Ericsson is een organisatie waar vakspecialisten met veel passie hun werk doen en eigenlijk het liefst nooit meer bij het bedrijf weg willen. En daarbij komt nog dat de arbeidsmarkt voor telecom mensen ook wezenlijk is veranderd.
Met welke knelpunten ten aanzien van duurzame inzetbaarheid heeft Ericsson
te maken?
Bij Ericsson bestaat het gros van de medewerkers uit software/network engineers en field engineers. Software Engineers moeten scholing blijven volgen in hun vakgebied. Het is enorm belangrijk voor deze mensen om de laatste ontwikkelingen te blijven volgen.
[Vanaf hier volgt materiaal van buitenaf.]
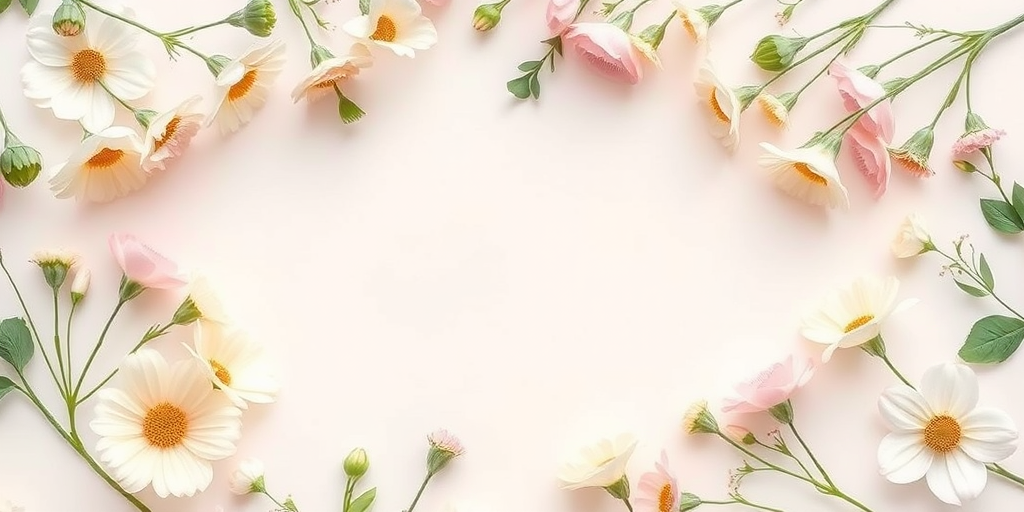 Create a flat lay image of a minimalist floral frame with soft pastel colors, using a DSLR camera at f/4 aperture, 50mm lens, natural light, and a top-down view to enhance the sharpness and details of the floral elements.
GSM, GPS, GPRS, G4, G5: technische functionaliteiten veranderen volledig. Software blijven schrijven voor verouderde netwerken is geen optie. Voor medewerkers is het een uitdaging om hierin steeds bij te blijven. Ook de technologie blijft in hoog tempo veranderen, waardoor alle medewerkers constant bij moeten blijven. Door aanpassingen in de technologie veranderen ook bedrijfsprocessen. Ook dat vergt een continue aanpassing van de medewerkers. Verandermanagement staat dus hoog op de agenda bij Ericsson.
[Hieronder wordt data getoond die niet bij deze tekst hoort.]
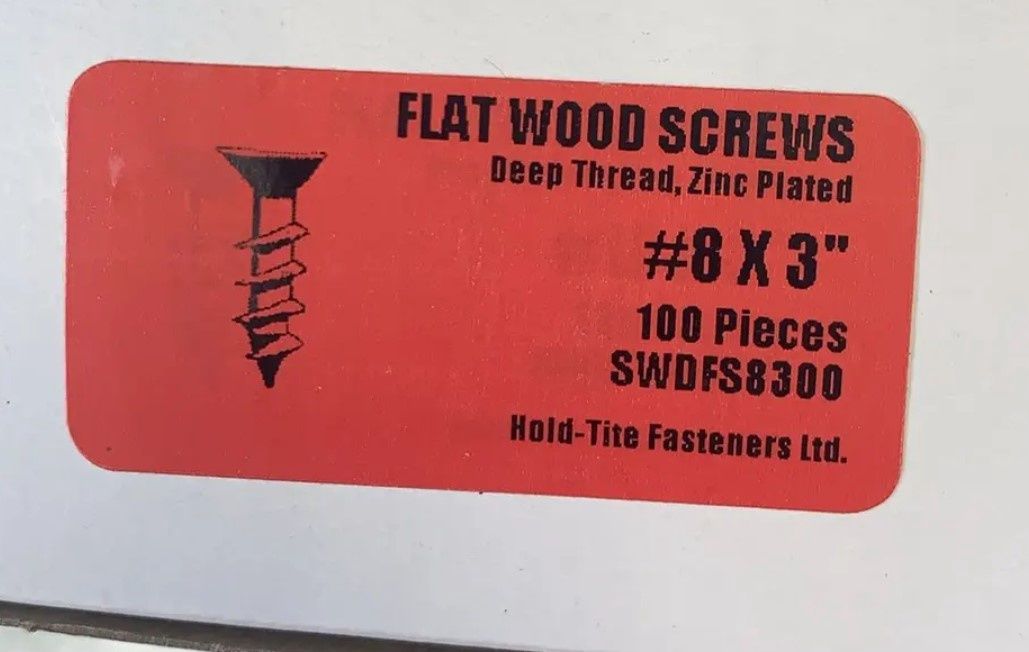 FLAT WOOD SCREWS 8 X 3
Field Engineers klimmen in hoge zendmasten en moeten fit zijn voor dit fysieke werk. Met het toenemen van de gemiddelde leeftijd in de organisatie wordt het fysieke werk voor field engineers een grotere belasting. Het klimmen in hoge zendmasten is op je 50ste toch minder avontuurlijk dan op je 25ste.
Welke oplossingen bedacht Ericsson hiervoor?
Aanpassingen in het werk
Voor de Field Engineers moest er een helder inzicht komen in wie nog wel in zendmasten kon klimmen en wie niet. Medewerkers zijn hiervoor door de arbodienst objectief getest. Dit heeft als voordeel dat er aan iedereen dezelfde eisen gesteld worden en dat er ook een onderbouwing is voor medewerkers die niet meer in staat zijn om te klimmen. Dit laatste is belangrijk voor het onderlinge begrip. Hierdoor is er draagvlak gecreëerd voor diegene die niet meer kunnen klimmen. Want kan de een niet meer klimmen, dan betekent dit wel voor de ander dat hij meer moet klimmen. Collega’s hebben daar onderling begrip voor en accepteren elkaars hulp.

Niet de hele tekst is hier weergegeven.